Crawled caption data
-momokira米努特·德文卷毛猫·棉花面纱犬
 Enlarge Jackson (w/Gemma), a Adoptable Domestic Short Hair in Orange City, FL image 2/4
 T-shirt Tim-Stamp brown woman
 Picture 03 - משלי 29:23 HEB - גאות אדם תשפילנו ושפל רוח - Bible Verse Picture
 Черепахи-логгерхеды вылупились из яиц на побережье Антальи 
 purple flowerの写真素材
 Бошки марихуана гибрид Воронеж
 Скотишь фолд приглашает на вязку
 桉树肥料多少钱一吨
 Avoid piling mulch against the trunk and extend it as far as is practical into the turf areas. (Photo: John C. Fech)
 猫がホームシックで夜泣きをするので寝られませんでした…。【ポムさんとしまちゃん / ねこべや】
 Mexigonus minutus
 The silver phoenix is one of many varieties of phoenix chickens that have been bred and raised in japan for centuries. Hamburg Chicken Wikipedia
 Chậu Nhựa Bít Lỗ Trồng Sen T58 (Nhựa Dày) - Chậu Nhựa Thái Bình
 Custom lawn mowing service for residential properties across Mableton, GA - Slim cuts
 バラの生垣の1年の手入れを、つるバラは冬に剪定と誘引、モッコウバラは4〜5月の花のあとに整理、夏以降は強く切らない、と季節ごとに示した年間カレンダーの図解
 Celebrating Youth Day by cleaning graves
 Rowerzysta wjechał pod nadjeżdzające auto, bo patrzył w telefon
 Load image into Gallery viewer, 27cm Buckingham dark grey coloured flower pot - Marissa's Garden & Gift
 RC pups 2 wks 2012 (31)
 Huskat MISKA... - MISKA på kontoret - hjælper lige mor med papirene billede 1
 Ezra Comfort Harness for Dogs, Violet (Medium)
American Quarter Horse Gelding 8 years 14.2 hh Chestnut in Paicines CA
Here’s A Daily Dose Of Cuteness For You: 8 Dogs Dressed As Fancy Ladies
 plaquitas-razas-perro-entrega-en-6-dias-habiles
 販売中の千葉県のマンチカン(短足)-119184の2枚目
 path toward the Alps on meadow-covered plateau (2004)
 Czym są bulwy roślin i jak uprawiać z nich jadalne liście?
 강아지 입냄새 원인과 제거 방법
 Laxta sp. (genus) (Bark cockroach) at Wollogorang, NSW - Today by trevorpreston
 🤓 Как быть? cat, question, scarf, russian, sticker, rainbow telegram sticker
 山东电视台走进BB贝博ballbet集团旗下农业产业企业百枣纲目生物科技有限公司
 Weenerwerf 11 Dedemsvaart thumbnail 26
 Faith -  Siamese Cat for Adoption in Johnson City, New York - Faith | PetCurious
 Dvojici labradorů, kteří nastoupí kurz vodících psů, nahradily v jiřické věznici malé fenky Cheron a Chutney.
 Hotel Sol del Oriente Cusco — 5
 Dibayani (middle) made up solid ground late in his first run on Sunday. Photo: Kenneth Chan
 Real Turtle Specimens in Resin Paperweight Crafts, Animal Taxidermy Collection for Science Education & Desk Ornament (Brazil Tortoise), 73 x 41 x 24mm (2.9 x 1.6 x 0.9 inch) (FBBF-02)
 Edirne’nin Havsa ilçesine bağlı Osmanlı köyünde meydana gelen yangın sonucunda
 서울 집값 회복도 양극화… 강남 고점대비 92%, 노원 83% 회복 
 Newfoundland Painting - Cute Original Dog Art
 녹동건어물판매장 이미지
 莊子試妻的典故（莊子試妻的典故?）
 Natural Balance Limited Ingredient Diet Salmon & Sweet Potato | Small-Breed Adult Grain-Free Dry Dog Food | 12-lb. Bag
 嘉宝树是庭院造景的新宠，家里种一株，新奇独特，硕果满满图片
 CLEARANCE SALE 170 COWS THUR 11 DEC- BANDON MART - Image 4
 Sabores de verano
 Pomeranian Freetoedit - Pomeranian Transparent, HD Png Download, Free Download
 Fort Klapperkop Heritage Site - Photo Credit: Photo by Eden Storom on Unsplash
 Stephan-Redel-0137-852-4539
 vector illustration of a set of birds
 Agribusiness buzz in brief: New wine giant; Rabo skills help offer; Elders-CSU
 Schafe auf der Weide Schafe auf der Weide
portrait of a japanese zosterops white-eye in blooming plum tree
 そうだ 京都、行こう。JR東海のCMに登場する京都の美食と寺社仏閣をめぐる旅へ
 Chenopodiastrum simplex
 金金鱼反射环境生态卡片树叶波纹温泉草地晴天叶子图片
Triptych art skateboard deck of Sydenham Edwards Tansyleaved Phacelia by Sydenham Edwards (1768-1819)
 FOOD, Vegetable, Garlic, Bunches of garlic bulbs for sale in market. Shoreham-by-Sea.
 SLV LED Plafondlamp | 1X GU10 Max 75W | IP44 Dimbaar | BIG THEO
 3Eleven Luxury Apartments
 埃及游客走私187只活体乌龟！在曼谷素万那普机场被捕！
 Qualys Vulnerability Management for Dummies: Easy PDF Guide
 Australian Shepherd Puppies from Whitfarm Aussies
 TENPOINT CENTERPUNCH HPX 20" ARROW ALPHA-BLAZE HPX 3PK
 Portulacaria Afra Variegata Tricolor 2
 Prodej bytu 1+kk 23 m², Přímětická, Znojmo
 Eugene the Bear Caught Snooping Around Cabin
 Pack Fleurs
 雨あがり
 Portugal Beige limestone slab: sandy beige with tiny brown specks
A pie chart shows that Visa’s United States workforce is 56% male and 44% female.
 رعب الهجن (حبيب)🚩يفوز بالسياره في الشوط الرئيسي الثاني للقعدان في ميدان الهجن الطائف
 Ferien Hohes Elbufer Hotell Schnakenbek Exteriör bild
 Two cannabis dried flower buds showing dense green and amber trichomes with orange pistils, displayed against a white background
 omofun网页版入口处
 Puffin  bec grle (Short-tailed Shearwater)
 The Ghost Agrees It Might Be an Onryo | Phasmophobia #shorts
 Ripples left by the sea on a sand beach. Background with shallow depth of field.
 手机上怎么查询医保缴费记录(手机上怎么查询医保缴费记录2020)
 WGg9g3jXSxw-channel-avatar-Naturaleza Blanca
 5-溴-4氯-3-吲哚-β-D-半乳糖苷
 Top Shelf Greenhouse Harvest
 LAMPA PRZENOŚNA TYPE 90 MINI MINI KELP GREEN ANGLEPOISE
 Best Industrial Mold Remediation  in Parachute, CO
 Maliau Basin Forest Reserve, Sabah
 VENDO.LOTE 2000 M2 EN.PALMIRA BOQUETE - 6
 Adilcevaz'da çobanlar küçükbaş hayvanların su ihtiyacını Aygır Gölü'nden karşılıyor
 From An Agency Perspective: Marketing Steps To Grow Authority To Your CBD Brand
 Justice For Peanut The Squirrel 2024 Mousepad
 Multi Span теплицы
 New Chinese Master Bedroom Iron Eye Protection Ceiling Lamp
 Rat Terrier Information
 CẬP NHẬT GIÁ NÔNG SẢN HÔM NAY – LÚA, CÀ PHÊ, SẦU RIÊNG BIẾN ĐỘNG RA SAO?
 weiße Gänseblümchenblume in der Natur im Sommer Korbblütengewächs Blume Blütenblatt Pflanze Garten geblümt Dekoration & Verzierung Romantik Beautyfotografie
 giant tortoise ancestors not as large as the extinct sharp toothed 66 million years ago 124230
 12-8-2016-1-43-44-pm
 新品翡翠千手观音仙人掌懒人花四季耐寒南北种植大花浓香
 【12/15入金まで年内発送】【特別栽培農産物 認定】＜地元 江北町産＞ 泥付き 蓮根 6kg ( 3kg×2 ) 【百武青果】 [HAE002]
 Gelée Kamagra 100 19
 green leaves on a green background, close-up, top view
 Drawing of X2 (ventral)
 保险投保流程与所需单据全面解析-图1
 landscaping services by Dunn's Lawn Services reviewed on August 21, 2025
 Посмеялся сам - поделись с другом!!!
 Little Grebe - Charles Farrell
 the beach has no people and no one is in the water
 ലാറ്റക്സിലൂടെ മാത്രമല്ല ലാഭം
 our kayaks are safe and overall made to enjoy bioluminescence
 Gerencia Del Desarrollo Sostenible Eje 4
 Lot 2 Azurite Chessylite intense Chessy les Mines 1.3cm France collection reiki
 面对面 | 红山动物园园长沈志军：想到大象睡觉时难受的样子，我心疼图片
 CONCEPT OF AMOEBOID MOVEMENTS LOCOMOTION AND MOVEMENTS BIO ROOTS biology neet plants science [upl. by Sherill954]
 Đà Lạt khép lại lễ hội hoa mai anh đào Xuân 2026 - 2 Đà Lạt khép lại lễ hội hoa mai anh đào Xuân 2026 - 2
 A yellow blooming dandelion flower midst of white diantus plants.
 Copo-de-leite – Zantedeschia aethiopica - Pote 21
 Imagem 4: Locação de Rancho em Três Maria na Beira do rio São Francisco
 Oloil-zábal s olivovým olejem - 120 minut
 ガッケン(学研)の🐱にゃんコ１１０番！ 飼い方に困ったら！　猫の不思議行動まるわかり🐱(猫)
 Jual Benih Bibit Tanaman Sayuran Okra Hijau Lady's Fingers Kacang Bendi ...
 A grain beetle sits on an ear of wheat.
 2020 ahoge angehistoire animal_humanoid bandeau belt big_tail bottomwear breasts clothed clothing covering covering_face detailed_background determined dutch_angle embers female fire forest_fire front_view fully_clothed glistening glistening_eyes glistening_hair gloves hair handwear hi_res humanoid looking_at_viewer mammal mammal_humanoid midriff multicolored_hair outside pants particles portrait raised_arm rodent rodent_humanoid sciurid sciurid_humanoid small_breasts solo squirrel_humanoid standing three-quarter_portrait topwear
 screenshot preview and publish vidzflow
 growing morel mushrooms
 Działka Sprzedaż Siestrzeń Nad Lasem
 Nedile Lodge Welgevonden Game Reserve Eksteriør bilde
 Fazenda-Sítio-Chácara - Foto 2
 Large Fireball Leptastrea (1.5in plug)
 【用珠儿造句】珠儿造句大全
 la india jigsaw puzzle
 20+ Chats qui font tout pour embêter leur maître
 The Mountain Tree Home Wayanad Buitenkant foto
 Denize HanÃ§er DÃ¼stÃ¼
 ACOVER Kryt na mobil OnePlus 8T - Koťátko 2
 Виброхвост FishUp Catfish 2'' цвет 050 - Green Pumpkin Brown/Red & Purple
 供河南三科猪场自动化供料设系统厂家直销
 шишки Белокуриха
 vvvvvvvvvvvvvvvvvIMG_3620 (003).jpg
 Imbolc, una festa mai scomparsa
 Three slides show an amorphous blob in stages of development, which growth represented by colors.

WHAT IS REQUIRED:
What you give back should be exactly the lines of the data above from the line with "Nedile Lodge Welgevonden" through the line with "The Mountain Tree", both of those included, and nothing more.

YOUR RESPONSE:
 Nedile Lodge Welgevonden Game Reserve Eksteriør bilde
 Fazenda-Sítio-Chácara - Foto 2
 Large Fireball Leptastrea (1.5in plug)
 【用珠儿造句】珠儿造句大全
 la india jigsaw puzzle
 20+ Chats qui font tout pour embêter leur maître
 The Mountain Tree Home Wayanad Buitenkant foto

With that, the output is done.